Also, many factors must be addressed during testing and operation, such
as extreme temperature and humidity, shock, vibration, or other
environmental factors (like loss of signal, cooling or power; or other
catastrophes such as fire, floods, excessive heat, physical or security
violations or other myriad forms of damage or degradation). For systems
that must last many years, accelerated life tests may be needed.
Accelerated testing
The purpose of accelerated life testing (ALT test)
is to induce field failure in the laboratory at a much faster rate by
providing a harsher, but nonetheless representative, environment. In
such a test, the product is expected to fail in the lab just as it would
have failed in the field—but in much less time.
The main objective of an accelerated test is either of the following:
- To discover failure modes
- To predict the normal field life from the high stress lab life
An Accelerated testing program can be broken down into the following steps:
- Define objective and scope of the test
- Collect required information about the product
- Identify the stress(es)
- Determine level of stress(es)
- Conduct the accelerated test and analyze the collected data.
Common ways to determine a life stress relationship are:
- Arrhenius model
- Eyring model
- Inverse power law model
- Temperature–humidity model
- Temperature non-thermal model
Software reliability
Software reliability is a special aspect of reliability engineering.
System reliability, by definition, includes all parts of the system,
including hardware, software, supporting infrastructure (including
critical external interfaces), operators and procedures. Traditionally,
reliability engineering focuses on critical hardware parts of the
system. Since the widespread use of digital integrated circuit technology, software has become an increasingly critical part of most electronics and, hence, nearly all present day systems.
There are significant differences, however, in how software and
hardware behave.
Most hardware unreliability is the result of a component or material
failure that results in the system not performing its intended function.
Repairing or replacing the hardware component restores the system to
its original operating state.
However, software does not fail in the same sense that hardware fails.

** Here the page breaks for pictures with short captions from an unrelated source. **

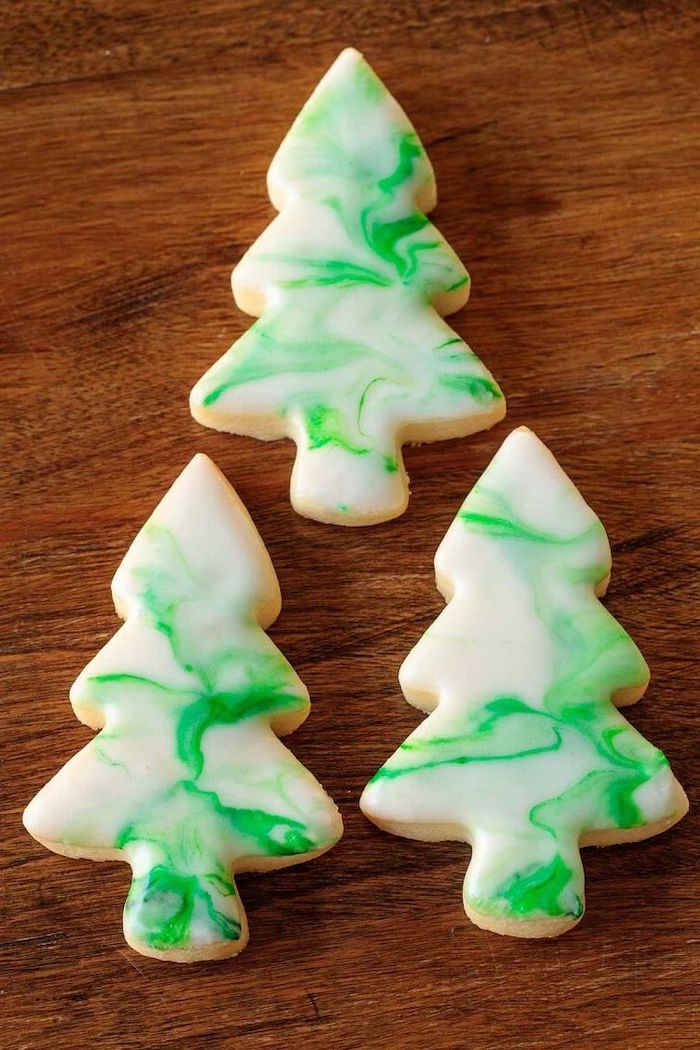 three christmas tree shaped cookies, placed on wooden surface, white and green icing on top, christmas cookie decorating ideas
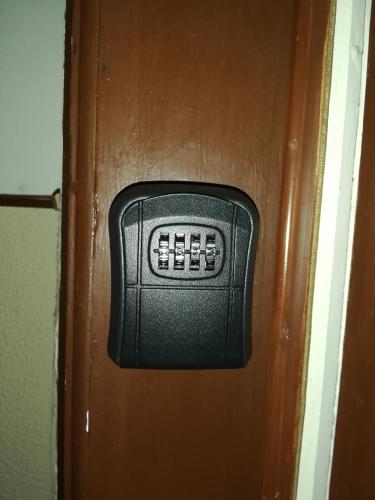 a door with a speaker on the door at Casa Vacanze Mariposa in Trieste
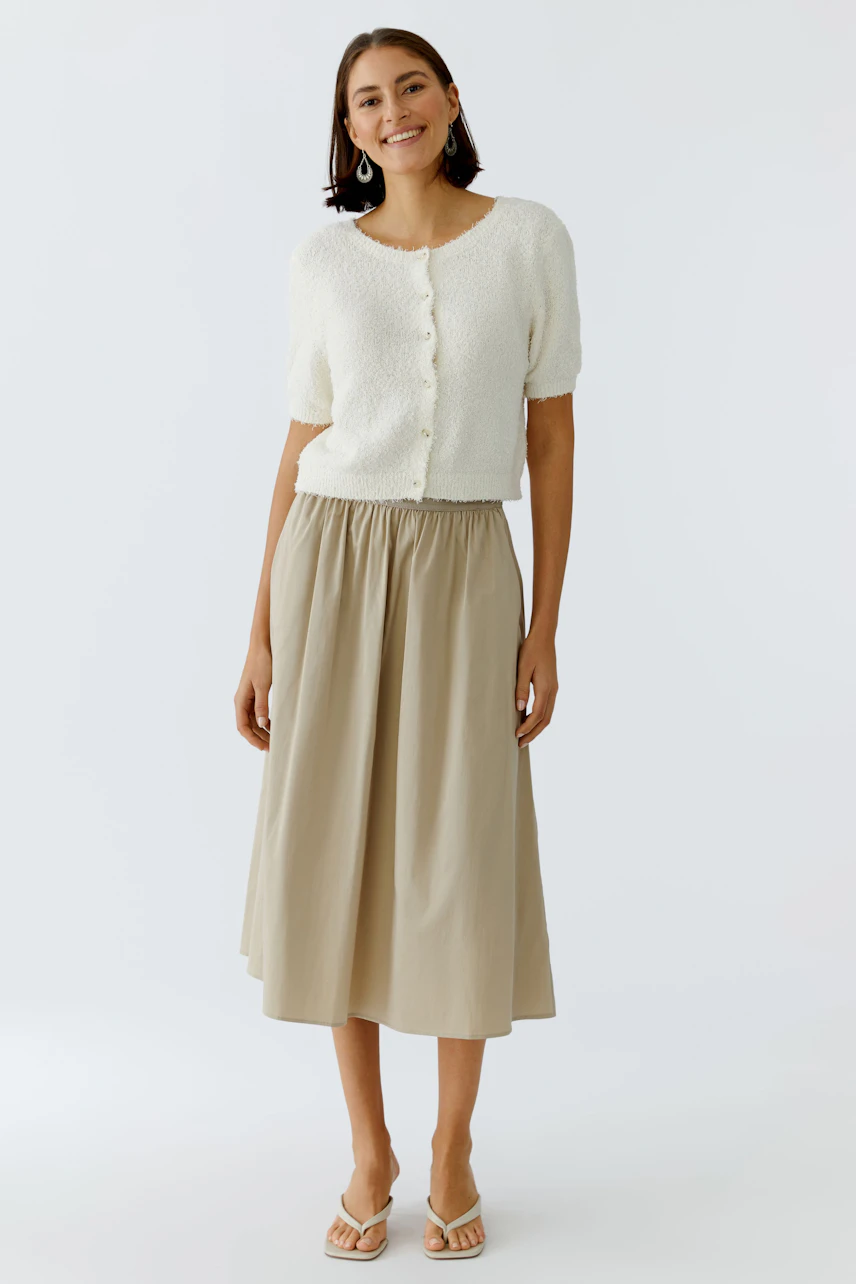 Casual midirock: Woman in a light beige midiskirt with an elastic waistband, paired with a soft cardigan.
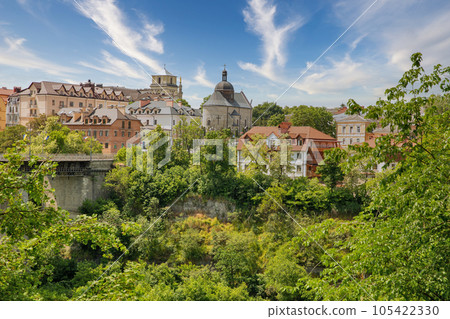 Kamianets-Podilskyi cityscape with Novoplanovsky bridge over the Smotrytsky canyon, Ukraine. Kamianets-Podilskyi cityscape with Novoplanovsky bridge over the Smotrytsky canyon, Ukraine. 105422330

Instead, software unreliability is the result of unanticipated results
of software operations. Even relatively small software programs can have
astronomically large combinations
of inputs and states that are infeasible to exhaustively test.
Restoring software to its original state only works until the same
combination of inputs and states results in the same unintended result.
Software reliability engineering must take this into account.
Despite this difference in the source of failure between software and hardware, several software reliability models
based on statistics have been proposed to quantify what we experience
with software: the longer software is run, the higher the probability
that it will eventually be used in an untested manner and exhibit a
latent defect that results in a failure (Shooman 1987), (Musa 2005), (Denney 2005).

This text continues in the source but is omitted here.